Wherever pictures appear in the listing below, leave them out, and copy exactly, and only, everything from the line with "brown wooden boat, beach, boat, cliff, Phi" down to the line with "ラゲッジスペース下に大きな収納もございます♪".

-------- DATA EXTRACT

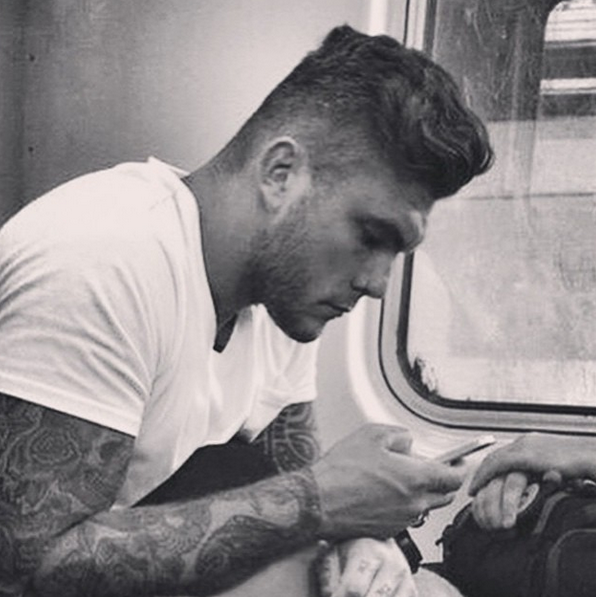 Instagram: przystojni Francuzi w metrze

----------------
-------- DATA EXTRACT

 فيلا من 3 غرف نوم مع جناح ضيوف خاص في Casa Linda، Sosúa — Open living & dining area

----------------
-------- DATA EXTRACT

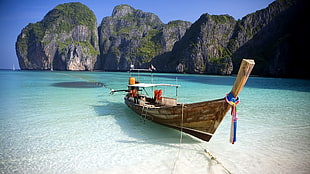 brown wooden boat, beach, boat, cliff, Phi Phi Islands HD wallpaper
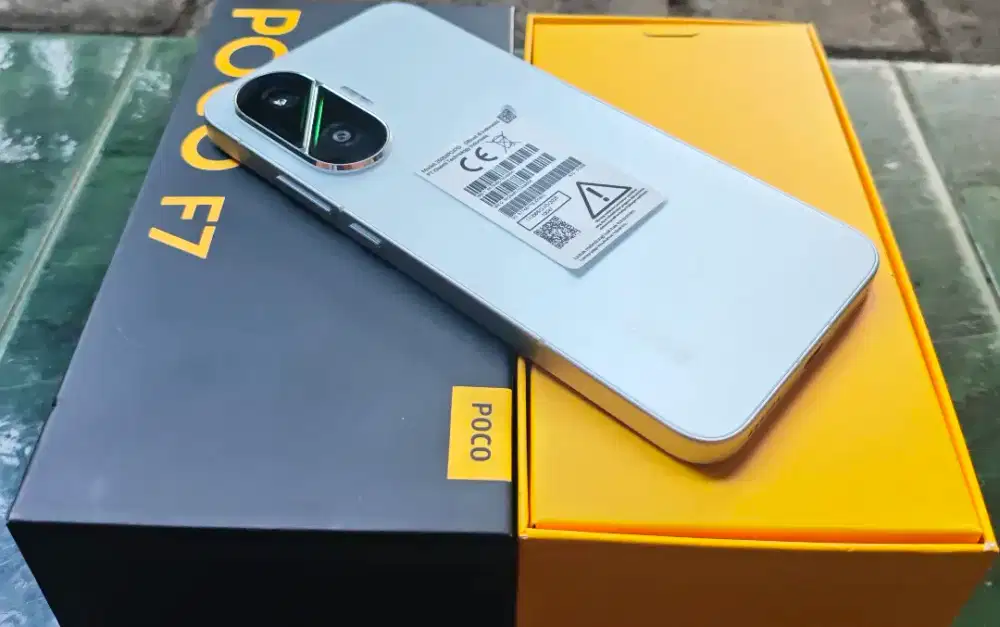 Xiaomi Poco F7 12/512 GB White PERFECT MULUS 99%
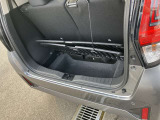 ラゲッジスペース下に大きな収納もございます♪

----------------

* _OUTPUT BELOW_
 brown wooden boat, beach, boat, cliff, Phi Phi Islands HD wallpaper
 Xiaomi Poco F7 12/512 GB White PERFECT MULUS 99%
 ラゲッジスペース下に大きな収納もございます♪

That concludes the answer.